Frantic audio recordings detail chaos as killer carried out VTA mass shooting
SAN JOSE, Calif. - The Santa Clara Valley Transportation Authority released audio transmissions on Monday rom a mass shooting that unfolded at a light rail yard in San Jose.
Phone calls and radio recordings from the chaotic scene provide more insight into the fateful day that sent employees scrambling for safety, and left nine of them dead.
"We have shots fired in Building B at Guadeloupe," a VTA supervisor is heard saying in one of the audio recordings.
Nearly 200 audio clips tell the frantic, fearful, and fatal events that occurred on May 26.
An active shooter prompted VTA supervisors to stop all light rail trains, and call for help. Shooting suspect and VTA employee Sam Cassidy walked from one building to the next inside the Guadeloupe yard on West Younger Avenue and North San Pedro Street.
He killed nine of his coworkers. Others in harm’s way called the VTA emergency line, asking for police and sheriff’s deputies to be dispatched to the scene.
SEE ALSO: Personnel files of Sam Cassidy, San Jose shooter, released by VTA
"This is 773," said a VTA employee, giving his code designation while on the job inside the rail yard.

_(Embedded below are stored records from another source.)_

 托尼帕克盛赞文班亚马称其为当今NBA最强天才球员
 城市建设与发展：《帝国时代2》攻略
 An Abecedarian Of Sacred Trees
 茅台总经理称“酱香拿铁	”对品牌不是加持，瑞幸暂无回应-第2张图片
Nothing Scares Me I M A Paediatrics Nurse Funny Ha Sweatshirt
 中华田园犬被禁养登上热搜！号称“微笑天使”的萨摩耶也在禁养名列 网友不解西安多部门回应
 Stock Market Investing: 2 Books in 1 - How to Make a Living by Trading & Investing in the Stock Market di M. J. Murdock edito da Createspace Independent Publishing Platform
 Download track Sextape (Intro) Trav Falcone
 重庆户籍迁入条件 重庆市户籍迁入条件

"773, what’s going on?" the supervisor replied.
"I think here in our building, Building B, one of the guys said there’s a shooter," the rattled employee said.
"Yeah that’s right," said the supervisor, apparently trying to remain calm.

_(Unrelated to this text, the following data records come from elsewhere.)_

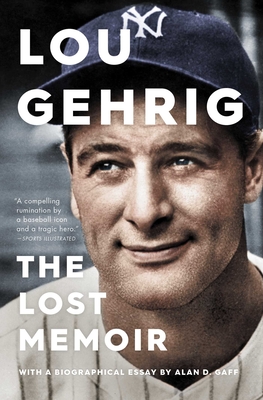 Lou Gehrig: The Lost Memoir By Alan D. Gaff Cover Image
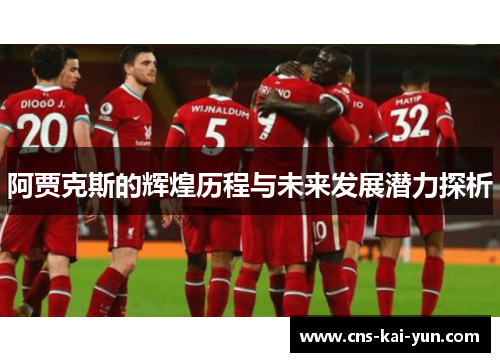 阿贾克斯的辉煌历程与未来发展潜力探析 阿贾克斯的辉煌历程与未来发展潜力探析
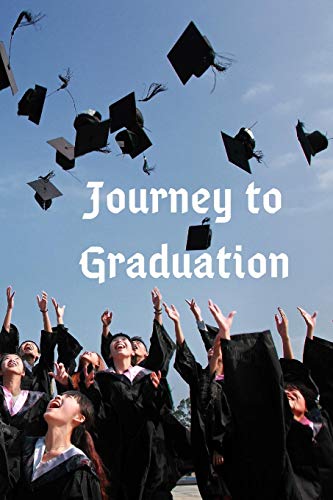 Journey To Graduation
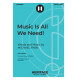 Music Is All We Need! (SA)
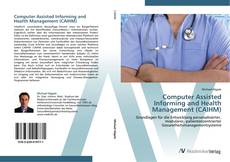 Bookcover of Computer Assisted Informing and Health Management (CAIHM)
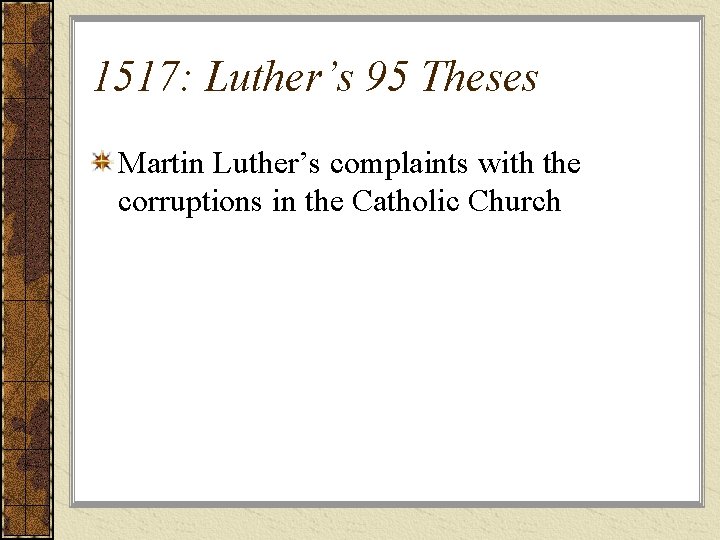 1517: Luther’s 95 Theses Martin Luther’s complaints with the corruptions in the Catholic Church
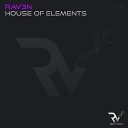 RAV3N - House of Elements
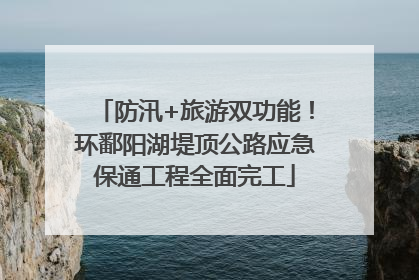防汛+旅游双功能！环鄱阳湖堤顶公路应急保通工程全面完工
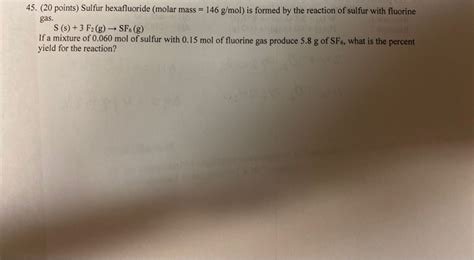 Solved 45. (20 points) Sulfur hexafluoride (molar mass = 146 | Chegg.com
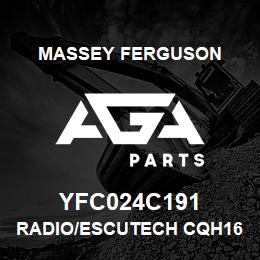 YFC024C191 Massey Ferguson RADIO/ESCUTECH CQH162 | AGA Parts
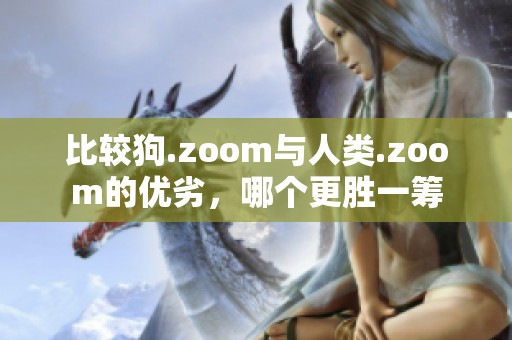 比较狗.zoom与人类.zoom的优劣，哪个更胜一筹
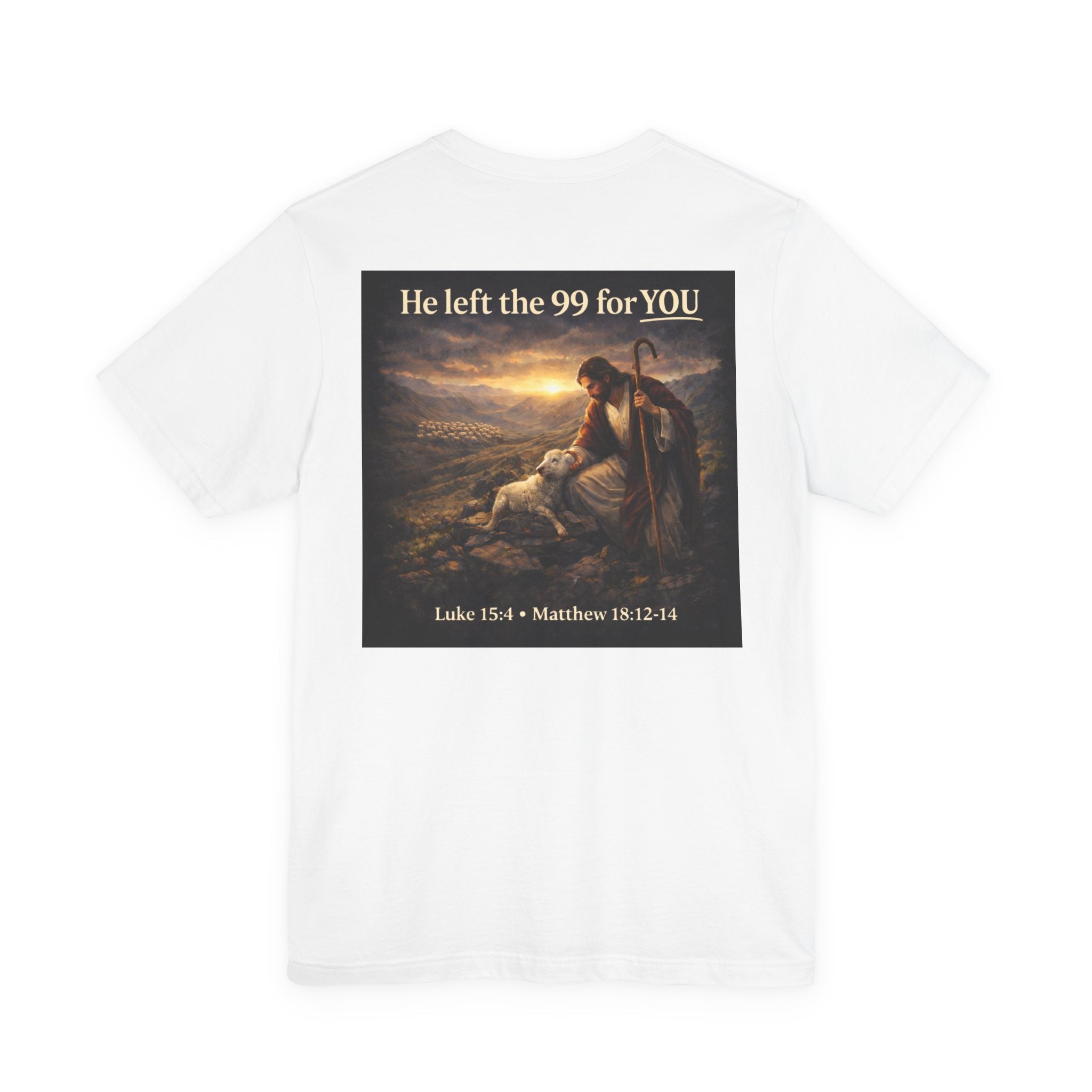 The One the He left the 99 for - Two Sided - Tee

"Okay, I’m just letting you guys know," the unidentified employee said.
"Okay. Be safe man. Figure it out, but don’t go there, or near it," said the supervisor, referring to Building B. "Whoever’s with you, secure the doors," he continued.
Then a few minutes later on the recording, another employee says, "We just heard the shots over in the power department."

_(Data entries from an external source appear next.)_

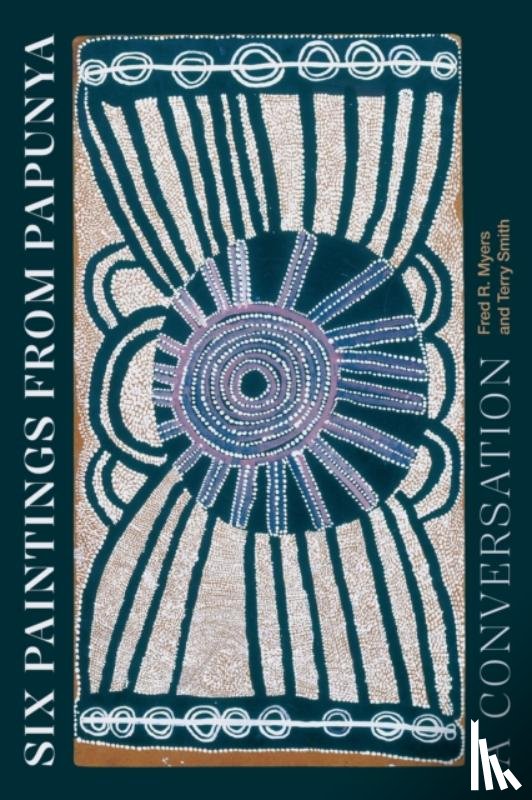 Myers, Fred R., Smith, Terry - Six Paintings from Papunya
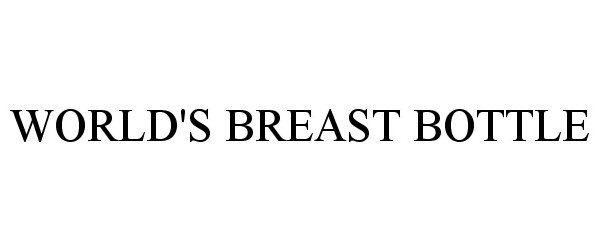 Trademark Logo WORLD'S BREAST BOTTLE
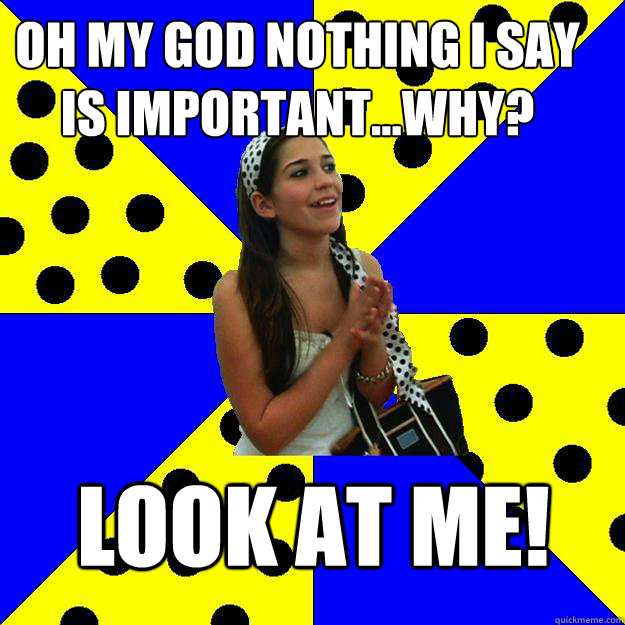 oh my god nothing i say is important...why? Look at ME! - oh my god nothing i say is important...why? Look at ME!  Sheltered Suburban Kid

"In power? And it sounded just like a gun?" asked another supervisor.
"Oh it’s a gun," said the employee.
"How many shots were fired?" asks the supervisor.
"At least 10 or 15, and people were screaming over there," said the second, unidentified employee.
The light rail was halted in place with orders that no trains enter the yard. Workers who were still in the yard were told to get inside trains that weren't in service and to shut the doors. All this, as first responders entered the rail yard to confront the lethal threat.
"Is there an active shooter in the yard?," a first responder yelled to the VTA supervisor over a two-way radio.
"Yes," responds the supervisor.
"Then I’m coming in the yard. I’m armed," the first responder replies.
A few minutes later, another first responder calls out on the two-way radio with sirens wailing in the background, "This is swat at 3-2-1. Are you guys OK?" he asked in a rushed tone.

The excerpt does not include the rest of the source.